INTERACT FORUM
More => Old Versions => JRiver Media Center 21 for Windows => Topic started by: hoyt on December 02, 2015, 04:30:57 pm
-
I'm having a hard time getting something to work in MC that I know works in an online perl regex tester. I'm trying to parse the Description field for NFL games given the data coming into MC. I want to then populate Home Team and Visiting Team. Here's an example of the text:
San Francisco (3-6) at Seattle (4-5). Michael Bennett's 3.5 sacks led the Seahawks to a 20-3 rout of the Niners on Oct. 22, as Seattle allowed a season-low 142 yards. 'Hawks RB Marshawn Lynch is averaging 101.9 ypg with 10 TDs in the last nine meetings.
I then setup this:
regex([Description],/(?<=at)(.*)(?=[\(])/,-1,0)[R2]
I expect to get back ' Seattle '. I would then trim the result. However, I'm just getting a partial output of my regex into an expression column where I'm testing. It shows:
0(.*)(?=[\(]),-1,0)
What am I missing? Thanks!
-
Without actually analyzing the regex itself, I see one thing wrong:
MC Regex patterns start with /# and end with #/ . So I don't think your pattern is being recognized.
Brian.
-
Interesting, didn't realize that. My Regex for the Home Team is this:
RemoveCharacters(Regex([Description],(/^[^\(]+/),1), ,2)
And that works. I added the # after and before the /'s and now the return is just blank. That makes me feel like it's at least trying to eval the expression now though...
-
Without actually analyzing the regex itself, I see one thing wrong:
MC Regex patterns start with /# and end with #/ . So I don't think your pattern is being recognized.
Brian.
Ok, that lead me in the right direction, now I have:
regex([Description],/#(?<=at)(.*)(?=[\(])#/,-1,0)[R1]

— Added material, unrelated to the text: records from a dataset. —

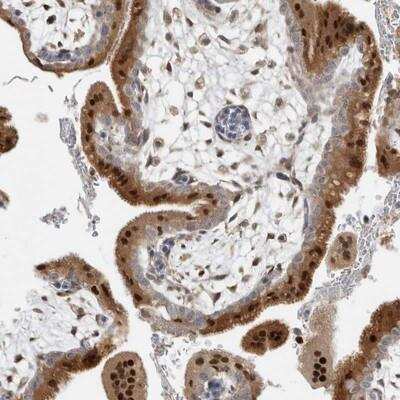 Immunohistochemistry-Paraffin: Nab2 Antibody [NBP1-82804]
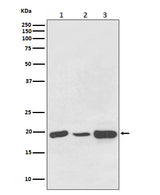 Anti-NDUFB8 Rabbit Monoclonal Antibody Boster Bio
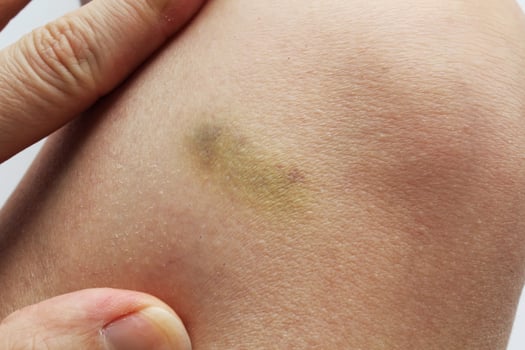 Close-up of woman hand with bruise on the skin. Discoloration and texture of skin clearly visible. Vulnerability and fragility, human body's susceptibility to injury. Concept of health and medicine photo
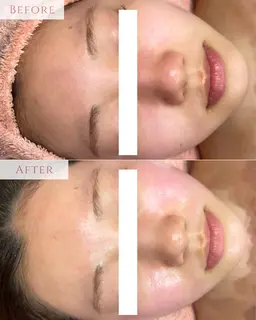 2/16空き◎プレミアム艶肌Wax✨毛穴洗浄＋ワックスでツヤ肌へ導く極上ケア☆産毛・角質・皮脂をごっそり‼️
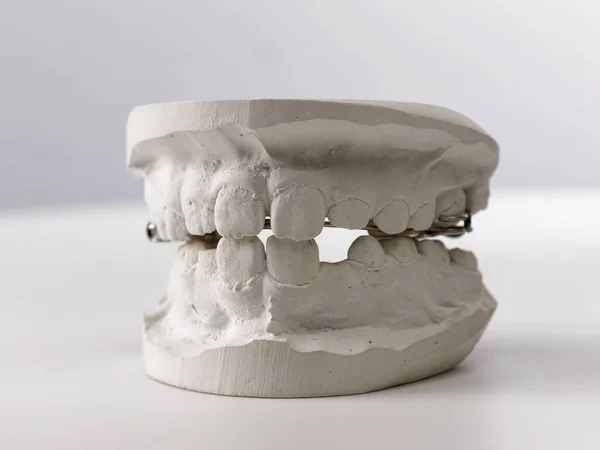 Molde Dental Gris Dientes Prótesis Modelo Encías Humanas Arcilla — Foto de Stock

For some reason I was thinking each () would be an R#. But now something with two ('s is matching too large of a set:
Oakland (4-5) at Detroit (2-7). Joique Bell and the Lions' 32nd-ranked ground game meet an Oakland run defense that's allowed 458 yards the last two weeks. Ex-Michigan DB Charles Woodson (5 INTs) looks to add to Detroit's league-high 21 turnovers.
Turns into:
Detroit (2-7). Joique Bell and the Lions' 32nd-ranked ground game meet an Oakland run defense that's allowed 458 yards the last two weeks. Ex-Michigan DB Charles Woodson
I need to figure out how to change that set to match until the first (, not the last, but wanted to at least update that I was getting it working with the #s.
-
Every time I have to do Regex, my head spins. Here's what I ended up with that appears to work how I want:
regex([Description],/#(?<=at)(.+?)(?=[\(])#/,-1,0)[R1]
-
I'm pretty decent with regex, but I don't know or use it's full syntax. For example, the (<=stuff) idiom is new to me. I've never used it and I don't know exactly how it works.
It sounds like you've got it under control. If you need more advice, let me know and I'll try to help.
Edit: I couldn't help myself and had to try it myself. Here's my take:
regex([Description],/#.+ at ([^\s]+)#/,-1,0)[R1]
The "trick" here is the stuff I'm matching on inside the () isn't just a dot character (which can be anything). Instead I'm matching on [^\s]. Which means "match any character except space type characters". So it stops the match when it hits the first space, tab, or other whitespace type character.
Seems a little more readable and simple to me... but then again, I wrote it, so it should seem easier to understand for ME. :)
Brian.
-
I'm pretty decent with regex, but I don't know or use it's full syntax. For example, the (<=stuff) idiom is new to me. I've never used it and I don't know exactly how it works.
It sounds like you've got it under control. If you need more advice, let me know and I'll try to help.
Edit: I couldn't help myself and had to try it myself. Here's my take:
regex([Description],/#.+ at ([^\s]+)#/,-1,0)[R1]
The "trick" here is the stuff I'm matching on inside the () isn't just a dot character (which can be anything). Instead I'm matching on [^\s]. Which means "match any character except space type characters". So it stops the match when it hits the first space, tab, or other whitespace type character.
Seems a little more readable and simple to me... but then again, I wrote it, so it should seem easier to understand for ME. :)
Brian.
The <= just means up to, at least, that's how I understood it... This site makes it easy to understand by highlighting and adding notes to the side: https://regex101.com/#pcre
I think I actually need the (.*) because I want to match San Francisco, not just San. Like you said, I got it to work and with regex there are all sorts of ways to do the same thing. I'll keep with what I have until I come across a broadcast that breaks it :)
Thanks!